No. 624.
Mr. Foster to Mr. Blaine.

No. 135.

Sir: After considerable delay I am at last enabled to send you-herewith-an abstract or sketch of the laws of Russia relative to foreign Jews. As I heretofore noted the laws on this subject are contained in a voluminous mass of legislation, regulations, decisions of ministries, &c., many of which conflict with each other, and it has been found very difficult to know with accuracy what is the existing law applicable to a particular ease. The accompanying abstract is believed to be * * * as full as I can make it without the employment of an experienced native attorney, and having in view some special or question.

As introductory to a notice of the inclosed abstract, it is proper to state that from early times Jews were prohibited from coming to or settling in Russia; but, by means of the conquest of Poland, the Crimea, and certain other districts, a large number of Jews became incorporated as subjects of the empire, and it was thus made necessary to so modify the ancient general prohibition as to allow Israelites who had become Russian subjects by annexation of territory to reside in the western and southwestern provinces named in the inclosed abstract. And, up to the present, no other part of the empire has been opened to Jewish Russian subjects for unrestricted habitation, so that, as a rule, even Russian Jews are confined to the provinces cited, and the ancient law prohibiting the entrance into Russia of foreign Israelites is still in force, with the very limited exceptions cited in the accompanying sketch. These exceptions may be briefly stated as follows:

Certain foreign Jews may come into the governments or provinces of West and Southwest Russia named, to wit: 1st, rabbins invited by the Russian Government to exercise their profession; 2d, manufacturers with a capital of 15,000 rubles, by special arrangement; and, 3d, artisans brought by said manufacturers upon certain specific conditions.
All other parts of Russia are closed to foreign Israelites, with the limited exceptions of, 1st, the agents of large commercial houses abroad, who are permitted to visit, for a limited period, the great commercial and manufacturing centers of Russia, upon their petition to that effect, presented to the department of the interior, being granted; and, 2d, well-known bankers and chiefs of large commercial houses or enterprises coining to Russia to purchase and export native products may be admitted as merchants of the first guild, as the result of a special joint understanding with the ministers of the interior, of finance, and of foreign affairs; but, even after being admitted as members of the merchants’ guild, they have only specified and restricted privileges.

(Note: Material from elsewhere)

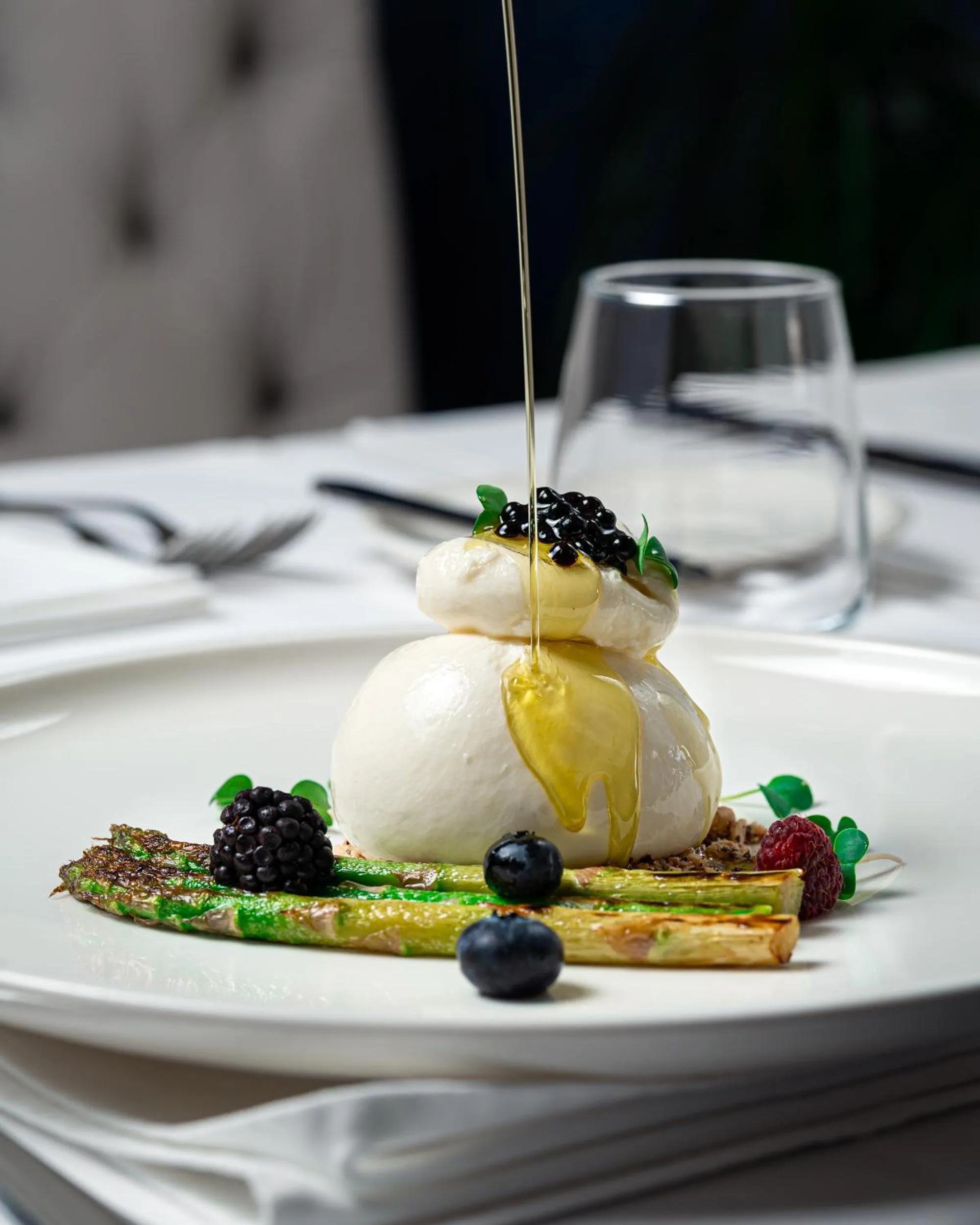 Food and drinks in Hotel California by Aycon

It will thus be seen that Jewish citizens of the United States are virtually excluded from Russia, as few, if any, of them would be willing to comply with the requirements necessary for their admission under Russian laws. This code of Jewish regulations, of which some idea may be formed from the inclosed sketch, will appear somewhat curious and antiquated in our country of unrestricted commercial intercourse, and especially the limitations, not only of a business, but even of a domestic character, which are thrown around the Jewish bankers and merchants (to use the language of the law) “known for their high social position and large operations and commercial enterprises.”

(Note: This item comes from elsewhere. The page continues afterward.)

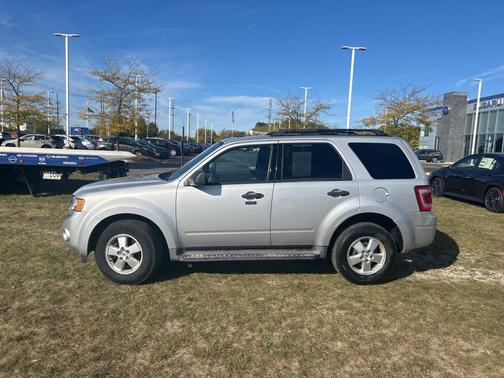 2009 Ford Escape XLT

I also transmit herewith a memorandum showing the provisions bearing [Page 1023] upon the question of the treaties of commerce existing between Russia and Great Britain, Austria, and France.

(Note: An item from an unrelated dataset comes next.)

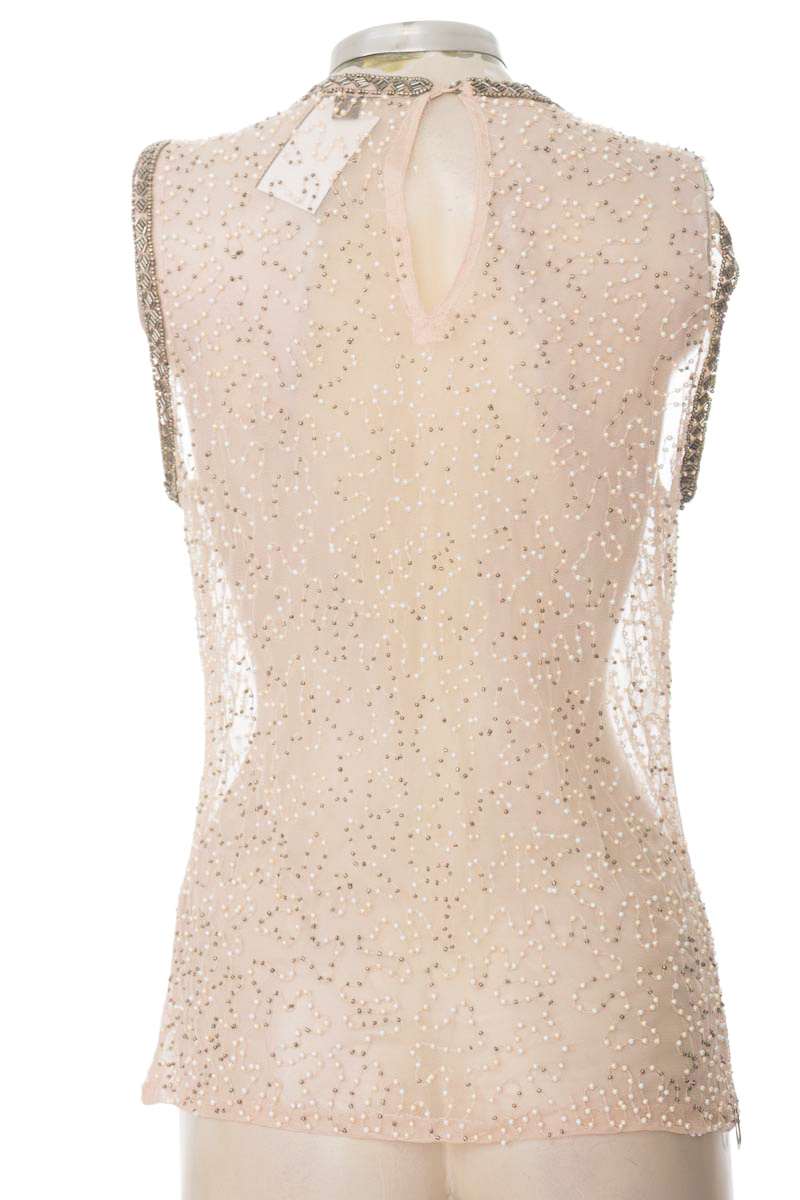 Top / Camiseta color Rosado - Zara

The other European nations have treaties similar to that of Great Britain, with the exception of Germany, which, singularly enough, has no treaty of commerce with Russia. A comparison with the treaty of commerce which the United States has with Russia will show that the only material variance is in the last paragraph of Article I of the British treaty (and a similar provision is found in the treaties of most of the European nations with Russia), wherein it is more explicitly provided than in the treaty with the United States that the privileges therein granted “in no wise affect the laws, decrees, and special regulations regarding commerce, industry, and police in vigor in each of the two countries.” The Austrian treaty is still more precise in adding to the foregoing reservation a recognition “that the restrictions established in the states of one of the high contracting parties shall be equally applicable to the subjects of the other belonging to the same confession.” It may, therefore, be concluded that our treaty is fully as favorable to our citizens as that of any other nation with Russia.

As the case of the British subject Lewisohn, now pending and the occasion of some inquiry in Parliament, has been heretofore referred to, I inclose a statement of facts relating thereto, which is doubtless substantially correct. It may be noted that while Lewisohn was refused permission to revisit St. Petersburg, the American citizen, Mr. Wilczynski, who was expelled about the same time, was, upon application of this legation, given permission to return.

I am, &c.,

[Inclosure 1 in No. 135.]

sketch of the laws of russia relative to foreign jews.

Israelites in general are in Russia subject to a special legislation.

There is found in the code of laws a series of provisions in the proper place, spread over many different chapters, and divers published regulations on commerce, industry, and the trades devoting to them special clauses.

Foreign Israelites do not escape this legislation, which defines the laws applied to them relative to their admission into the territory of the empire and to their sojourn in Russia.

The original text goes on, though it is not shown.